# Ich möchte wiedergeben, welche Aufgaben ich vorhabe zu erledigen.



## xHapax

Hey,

ich muss noch eine zweite Frage loswerden. Beim Antworten auf einen Thread wollte ich Folgendes schreiben:

Ich möchte wiedergeben, welche Aufgaben ich *vorhabe zu erledigen*.

Ich wüsste jetzt spontan auch nicht, wie man das anders formulieren soll, ohne den Satz in die Länge zu ziehen.

Existiert diese Formulierung? Wenn ich nach "vorhabe zu erledigen" googele, erziele ich nur sehr wenige Treffer. Daher denke ich, dass das keine korrekte Formulierung ist, auch wenn es mir so vorkommt, als hätte ich so was in der Art schon mal gehört.

Danke!


----------



## Frieder

xHapax said:


> Ich möchte wiedergeben, welche Aufgaben ich *vorhabe zu erledigen*.


... welche Aufgaben ich zu erledigen vorhabe. (wäre mein Vorschlag)


----------



## xHapax

Frieder said:


> ... welche Aufgaben ich zu erledigen vorhabe. (wäre mein Vorschlag)


Hmm, da zeigt mir Google auch kaum etwas an. ^^ Finde ich merkwürdig. Ich dachte, das wäre eine gängige Formulierung. Aber in beiden Fällen nicht mal zehn Treffer. Google zeigt ja exakte Ergebnisse an, wenn man etwas in Anführungszeichen setzt, falls du selbst mal schauen willst.


----------



## JClaudeK

Mein Vorschlag:

... welche Aufgaben zu erledigen ich vorhabe. 🤔



xHapax said:


> da zeigt mir Google auch kaum etwas an.


Na ja, beide Formulierungen sind ungewöhnlich


deshalb:  lieber umformulieren ⇒
... welche Aufgaben ich demnächst/ als Nächstes erledigen möchte.


----------



## xHapax

JClaudeK said:


> ... welche Aufgaben ich demnächst/ als Nächstes erledigen möchte.


Werde ich dann anscheinend wirklich anders formulieren müssen. Ich weiß auch nicht, wieso ich davon ausgehe, dass „vorhabe zu erledigen“ auch passend wäre.


----------



## elroy

xHapax said:


> Ich weiß auch nicht, wieso ich davon ausgehe, dass „vorhabe zu erledigen“ auch passend wäre.

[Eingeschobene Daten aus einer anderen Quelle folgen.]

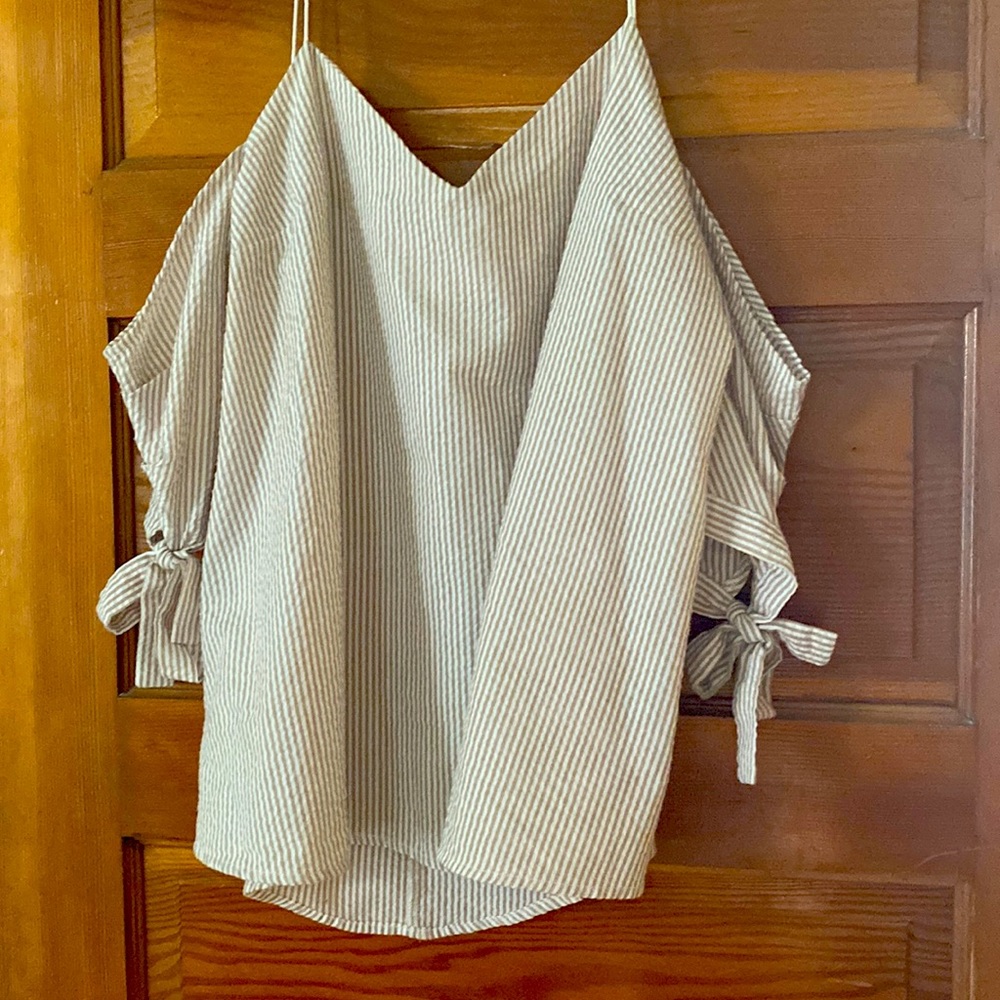 Urban Outfitters— Kimchi Blue— Neutral Sear-sucker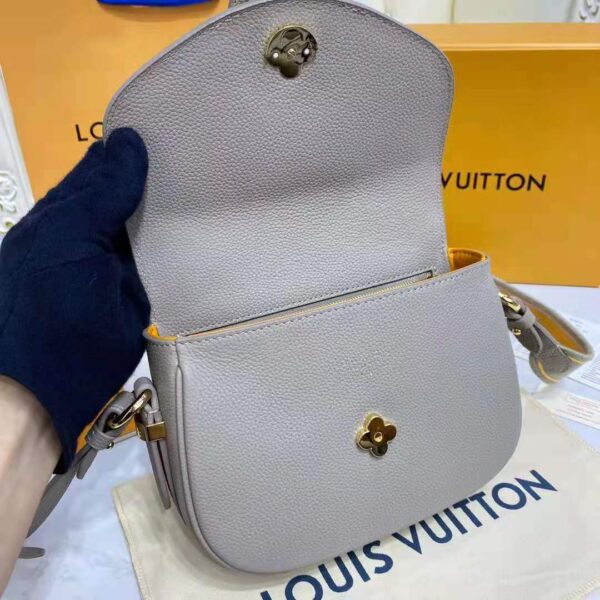Louis Vuitton LV Women LV Pont 9 Soft MM Gris Taupe Summer Gold Grained Calfskin (14)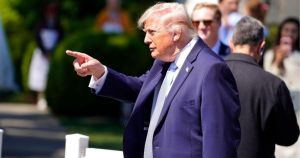 ‘The Wall Street Journal’ confirma que Trump está pensando en cerrar sus bases en España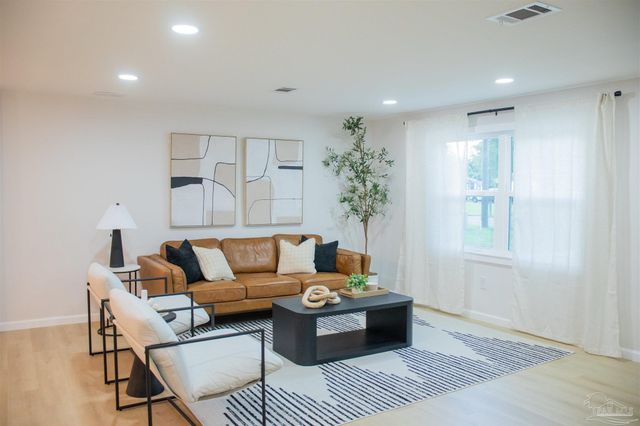 105 Monarch Ln, Pensacola, FL 32503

Ich dachte auch, dass die Formulierung richtig ist.


----------



## Hutschi

Ich kenne die Formulierung ebenfalls und halte sie für korrekt. Der Plan ist da, aber noch unsicher.
Es geht um die beste Formulierung, nicht um richtig oder falsch.
Es klingt etwas steif.

Edit: deutsch statt teilweise englisch.


----------



## Frieder

Gehört in einem durch _dass, was, welche/r/s, weil etc._ eingeleiteten Nebensatz nicht das flektierte Verb ans Ende? Mein einziger Zweifel bezieht sich auf die Stellung von _ich_:

... welche Aufgaben ich zu erledigen vorhabe.

... welche Aufgaben zu erledigen ich vorhabe.

Wobei ich zur ersten Variante tendiere.


----------



## JClaudeK

Meiner unmaßgeblichen Meinung nach klingt der ganze Satz 


> Ich möchte wiedergeben, welche Aufgaben ich *vorhabe zu erledigen*.


nicht sehr idiomatisch. 🤔


----------



## Hutschi

JClaudeK said:


> Meiner unmaßgeblichen Meinung nach klingt der ganze Satz
> 
> nicht sehr idiomatisch. 🤔


Ich denke, das hängt vom Kontext ab. Es ist aber selten idiomatisch. In Alltagssprache stimme ich JClaudeK zu.
"Wiedergeben" wird zum Beispiel in Vorträgen verwendet, aber nicht in schriftlichen Texten oder im alltäglichen Gespräch.
Es setzt einen vorhandenen (schriftlichen) Plan voraus, denke ich. Und es betrifft Ausschnitte daraus.


Was ist der Kontext?


----------



## xHapax

Hutschi said:


> Was ist der Kontext?


Das war der Kontext: Mein Ziel für heute ist [es] ... zu erledigen.


----------



## Gernot Back

Frieder said:


> ... welche Aufgaben ich zu erledigen vorhabe.
> 
> ... welche Aufgaben zu erledigen ich vorhabe.
> 
> Wobei ich zur ersten Variante tendiere.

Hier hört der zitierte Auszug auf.